Le paradoxe de l’Equipement et de l’usage en France

C’est le paradoxe de la France : bien que plutôt bien équipée, la France s’avère très peu utilisatrice des TICE. Je vais me placer dans le cadre de l’Union Européenne avec les études du Ministère de l’Education Nationale, les enquêtes de l’OCDE et de la Commission Européenne pour le démontrer.



L’équipement

En se basant sur l’enquête ETIC du ministère et celles de la Commission Européenne, la France pose la première pierre de son paradoxe. La donnée comparative la plus représentative de l’équipement reste le nombre d’élèves par postes informatiques dans un établissement : sur ce plan, la France est tout juste au-dessus de la moyenne avec 12,5 ordinateurs pour 100 élèves, comparés aux 11,3 postes pour 100 élèves en moyenne sur les 25 pays de l’Union Européenne.

Le tableau suivant propose un extrait des données intéressantes pour juger le niveau d’équipement des établissements. Les chiffres avancés sont issus le rapport de la Commission Européenne de 2006 concernant les TICE [1]



 

L’usage

Selon cette même étude, seuls 66% des enseignants français ont utilisé un ordinateur en classe lors des 12 derniers mois. La France apparaît cette fois dans la seconde moitié des 25 :

Plus précisément, 64% des enseignants utilisant les TICE les utilisent dans moins de 10% des leçons. A noter également, contre tout préjugé, que ce sont les enseignants les plus âgés qui sont les utilisateurs les plus intensifs.

Les données précédentes montrent d’ores et déjà qu’il n’y pas de relation d’implication de l’équipement vers l’usage. Le retard français en matière de TICE ne peut incomber au niveau d’équipement des établissements.
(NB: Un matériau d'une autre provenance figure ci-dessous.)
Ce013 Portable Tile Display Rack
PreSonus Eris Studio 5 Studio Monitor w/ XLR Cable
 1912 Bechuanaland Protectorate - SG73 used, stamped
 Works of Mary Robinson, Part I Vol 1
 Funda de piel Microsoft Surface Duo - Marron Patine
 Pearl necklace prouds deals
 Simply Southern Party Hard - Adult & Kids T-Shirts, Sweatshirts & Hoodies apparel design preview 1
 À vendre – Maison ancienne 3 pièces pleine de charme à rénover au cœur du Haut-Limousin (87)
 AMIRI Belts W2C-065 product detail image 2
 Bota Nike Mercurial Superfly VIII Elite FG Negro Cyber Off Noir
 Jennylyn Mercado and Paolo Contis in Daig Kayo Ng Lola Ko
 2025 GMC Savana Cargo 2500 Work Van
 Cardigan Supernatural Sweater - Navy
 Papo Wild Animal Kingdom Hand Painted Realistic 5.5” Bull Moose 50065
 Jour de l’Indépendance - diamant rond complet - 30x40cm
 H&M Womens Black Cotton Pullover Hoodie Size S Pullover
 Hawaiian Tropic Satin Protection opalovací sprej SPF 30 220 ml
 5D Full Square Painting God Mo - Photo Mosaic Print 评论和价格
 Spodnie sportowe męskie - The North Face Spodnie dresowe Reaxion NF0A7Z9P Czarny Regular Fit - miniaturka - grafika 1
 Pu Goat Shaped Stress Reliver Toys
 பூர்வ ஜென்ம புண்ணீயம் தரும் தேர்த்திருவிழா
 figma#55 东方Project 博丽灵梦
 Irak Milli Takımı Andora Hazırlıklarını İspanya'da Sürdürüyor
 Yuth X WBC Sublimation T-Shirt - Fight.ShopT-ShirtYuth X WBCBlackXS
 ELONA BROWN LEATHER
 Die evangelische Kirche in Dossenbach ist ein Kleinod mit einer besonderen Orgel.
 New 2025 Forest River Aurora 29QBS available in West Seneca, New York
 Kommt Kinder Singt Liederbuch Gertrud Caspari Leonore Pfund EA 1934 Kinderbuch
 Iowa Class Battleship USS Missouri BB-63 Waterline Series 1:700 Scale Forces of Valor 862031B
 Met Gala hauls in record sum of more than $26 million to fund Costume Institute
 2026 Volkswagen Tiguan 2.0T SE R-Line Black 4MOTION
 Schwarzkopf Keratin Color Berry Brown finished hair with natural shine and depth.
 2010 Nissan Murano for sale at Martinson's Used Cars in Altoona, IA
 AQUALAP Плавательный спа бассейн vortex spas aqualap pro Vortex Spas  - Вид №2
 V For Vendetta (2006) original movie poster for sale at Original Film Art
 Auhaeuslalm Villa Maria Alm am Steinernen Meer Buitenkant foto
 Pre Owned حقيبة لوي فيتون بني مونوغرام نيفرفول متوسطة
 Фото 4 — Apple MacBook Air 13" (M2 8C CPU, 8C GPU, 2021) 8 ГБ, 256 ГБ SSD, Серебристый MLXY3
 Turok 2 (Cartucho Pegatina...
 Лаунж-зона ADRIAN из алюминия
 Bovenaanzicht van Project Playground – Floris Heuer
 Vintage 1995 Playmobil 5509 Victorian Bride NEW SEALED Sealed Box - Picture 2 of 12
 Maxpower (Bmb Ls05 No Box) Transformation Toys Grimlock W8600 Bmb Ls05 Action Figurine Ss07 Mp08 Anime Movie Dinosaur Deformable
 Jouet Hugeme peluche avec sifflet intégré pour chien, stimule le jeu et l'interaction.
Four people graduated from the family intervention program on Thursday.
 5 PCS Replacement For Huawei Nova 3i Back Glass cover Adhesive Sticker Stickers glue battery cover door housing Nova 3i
Quel est l’usage fait des TICE par ces 66% d’enseignants ? L’outil pédagogique le plus utilisé est le CD-ROM pour 82% d’entre eux, suivi par des leçons préconçues trouvées sur l’Internet pour 74% d’entre eux.



Quelles sont les raisons d’un tel paradoxe ?

Dans la même enquête menée par la Commission Européenne, les 34% d’enseignants n’ayant pas utilisé d’ordinateurs en classe lors des 12 derniers mois expliquent leur non-usage par :

-       Pour 63% : une insuffisance dans l’équipement des établissements

-       Pour 33%,: un manque de compétences des enseignants

-       Pour 26% : ils ne disposent pas du matériel adapté

-       Pour 22% : ils ne sont pas convaincus par l’intérêt d’une telle utilisation

Ramenés sur l’ensemble des enseignants, l’insuffisance de l’équipement représente 21% des sondés, dans la moyenne européenne. En revanche, les thèmes du manque de compétences et de la non-conviction de l’intérêt des TICE font des scores bien plus élevés que la moyenne européenne.

Le rapport du groupe de travail TIC 2006 note dans son plan d’action le besoin de convaincre les enseignants de la plus-value apportée par les TICE :


« De façon inégale selon les disciplines ou selon les niveaux d’enseignements, on constate aujourd’hui la persistence d’une interrogation forte sur la plus-value apportée par les TIC.[…] les TICE continuent de susciter un questionnement quant à leur efficacité. »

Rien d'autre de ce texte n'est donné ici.